Currently, Mauritania’s large-scale hydrogen projects remain in the planning phases, with no final investment decisions made as of yet largely due to the projects’ highly technical nature and infrastructure needs. The government is now working on a complete green hydrogen code that will correspond with worldwide standards in order to attract further investment.
“Of course, gas remains a priority,” Bechir says, “but we intend to gradually introduce more renewable energy sources. We expect to execute our first green hydrogen projects by 2030, advancing from grey to blue to green energy.”

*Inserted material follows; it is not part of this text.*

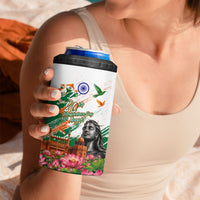 India 80th Independence Day 4 in 1 Can Cooler Tumbler Ashoka Chakra Lotus Landmarks Shiva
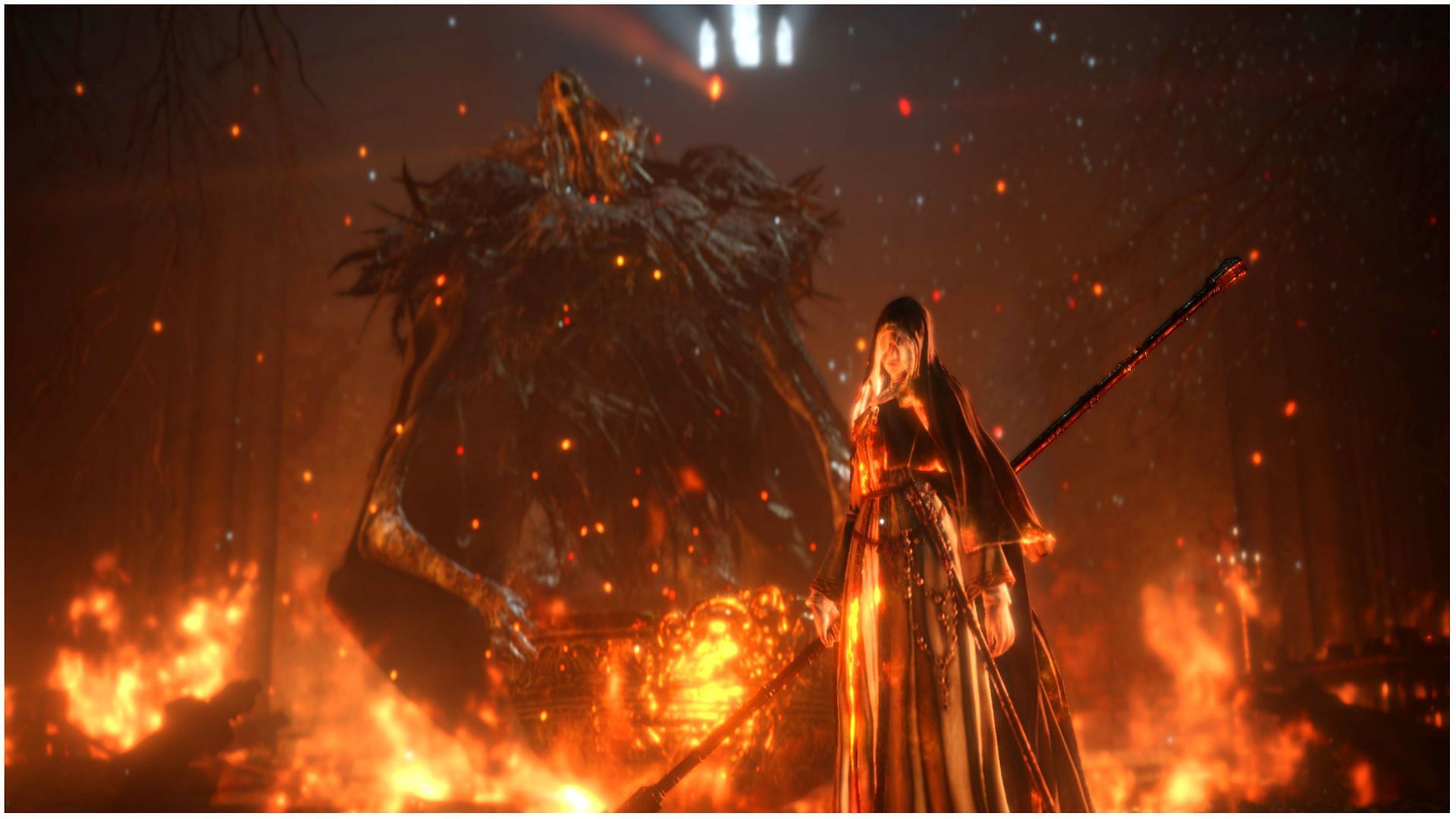 Sister Friede is arguably the hardest boss from Dark Souls III (Image via FromSoftware)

The plan is divided into three phases that will last from 2024 to 2027, with increasing gas utilization and decreased heavy fuel oil use in energy production and transportation, as well as enhanced inclusion of renewable energy into the electrical system. “If hydrogen is available in 2030, the gas that has been [previously] used to produce electricity will be replaced by green hydrogen and surplus will be liquefied and exported to other markets” continued Bechir.

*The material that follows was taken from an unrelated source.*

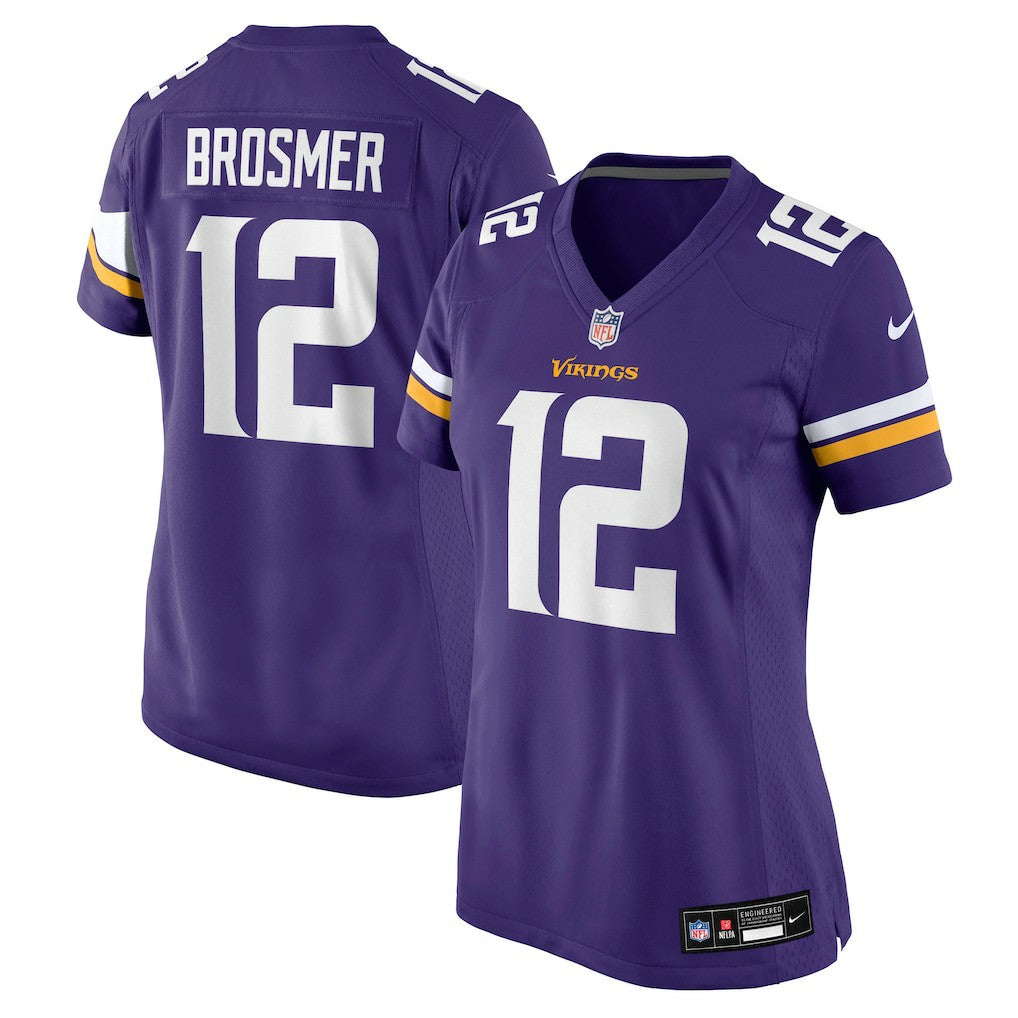 Max Brosmer Minnesota Vikings Women's Team Game Jersey - Purple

Meanwhile, on the infrastructure side, Carolina Mesa Ivern, bp’s Vice-President for Hydrogen in Spain and New Markets, stated that the company is working closely with the Mauritanian authorities and has found ideal sites for its hydrogen project. Preliminary studies on environmental, social and logistical elements have been undertaken, and measuring machinery is now being installed on-site. However, West Africa’s present port infrastructure is insufficient to accommodate specific machinery and supplies, such as wind turbines. Ensuring the efficiency of the entire supply chain becomes crucial for the successful implementation of hydrogen projects. The Mauritanian government acknowledges the significance of the issue and has initiated a feasibility study to renovate Nouakchott’s port and establish a special economic zone to accommodate both local and foreign companies. The study is expected to be finalized by 2025, and construction should be completed by 2028-2030.
Mauritania’s pursuit of hydrogen projects holds immense promise for the country’s energy future. The MSGBC Oil, Gas, & Power 2023 will gather the Mauritanian government, international organizations, and private entities in a collaborative effort to unlock Mauritania’s vast hydrogen potential and shape a sustainable energy landscape.